I think you're right in eliminating the Abs.  It is just an artefact of using ArcCos (which has a range of only PI, not 2PI).  Just to be sure, if you feed Mathematica something based on arctan(y/x) it should produce formulas without Abs.

Have you taken a look at my quaternion thing? Can you try feeding it to Mathematica and see what it simplifies to?...

Here are some 8th order renderings of the 3D slices using this Hopfbrot formula.

Just out of curiosity, and because you KNOW I'm going to have to go now and find a 3d conformal function, can you explain in what sense the 2d mandelbrot function is conformal?  I read on wikipedia that conformal functions preserve angles; if I may ask, which angle is being preserved by the 2d mandelbrot function?

"if I may ask, which angle is being preserved by the 2d mandelbrot function?"
Hi Ted, I read up on this recently so I'll try and forge an answer.
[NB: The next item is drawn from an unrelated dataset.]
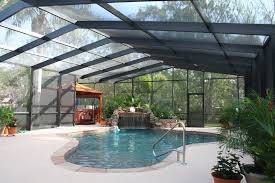 We can rescreen them offering the same variety of mesh options as new screens. Pool Enclosures Lifetime Enclosures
By conformal they mean that internal angles of any set of points that are close together stay the same. So if you choose three points in say a right angled triangle near to 0+i, then the map Z^2 will map those 3 points to a new right angled triangle near to -1+0i. In fact Z^2+c will convert any small shape in the complex plane into the same shape, just rotated and scaled, but importantly, not stretched.
Another way to visualise it is, if you apply the function to a regular grid, then the resulting distorted grid lines will still cross at right angles.

According to Liouville's theorem in 3d there are only 5 mappings that are conformal: translation, rotation by a fixed angle, uniform scaling, reflection and inverse (scaling vector by 1/length^2)... and combinations of these. Though combinations basically cancel down back to this simple set.
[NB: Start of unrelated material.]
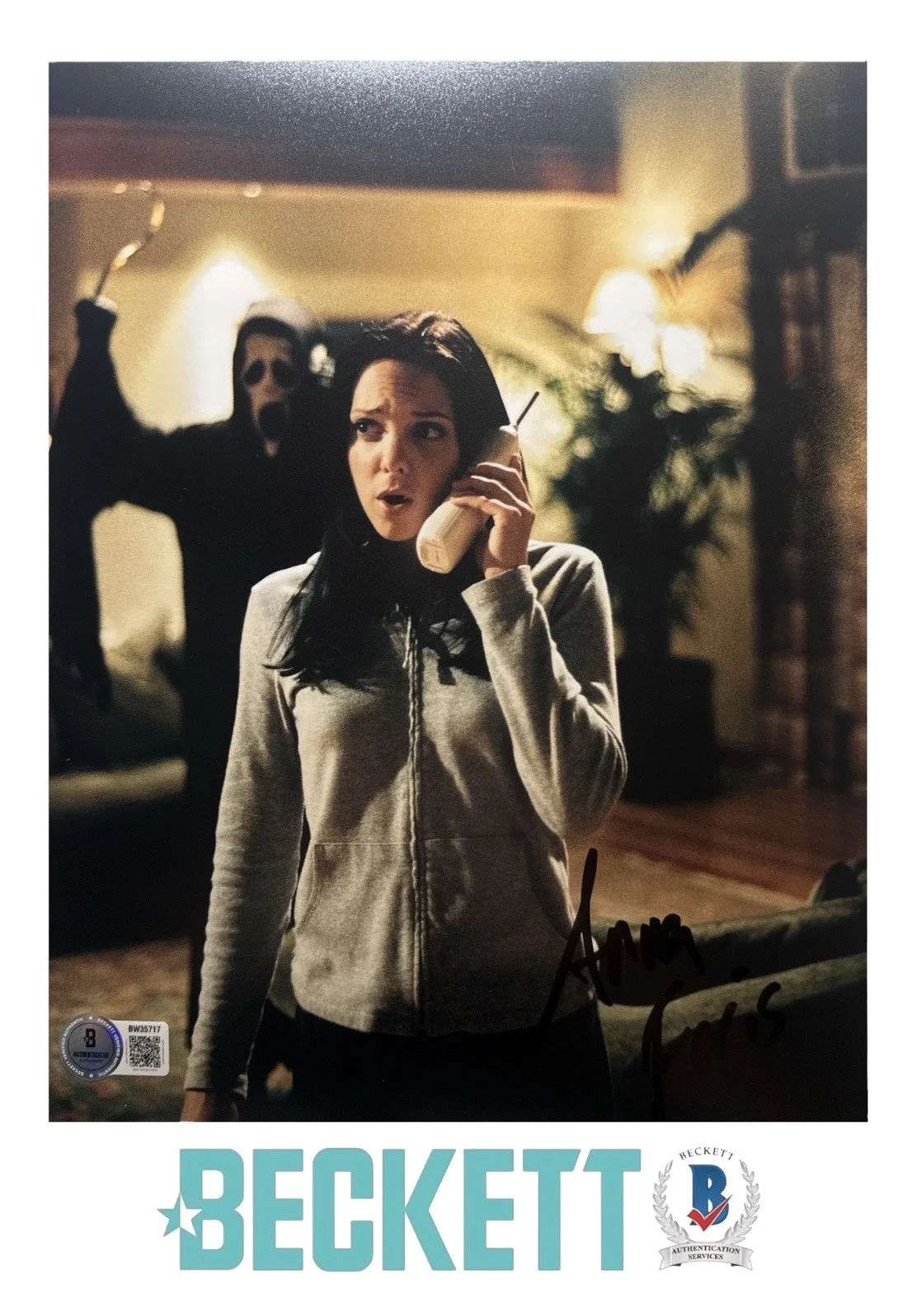 Anna Faris — Anna Faris Autograph Signed 8x10 Scary Movie Cindy Photo Beckett COA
I looked a little at 'quasi-conformal' maps, which nearly preserve angles, so have an upper bound on their stretch. In particular, folding in a tetrahedral pattern seems quasi-conformal. None of the mandelbulb formulas are quasi conformal as their stretch goes to infinity at the poles.

Here is a link to a similar artistic approach:
http://www.fractalforums.com/theory/mandelbrot-pearls/

Thanks for the information!
I made Hopfbrot Fractal using Houdini.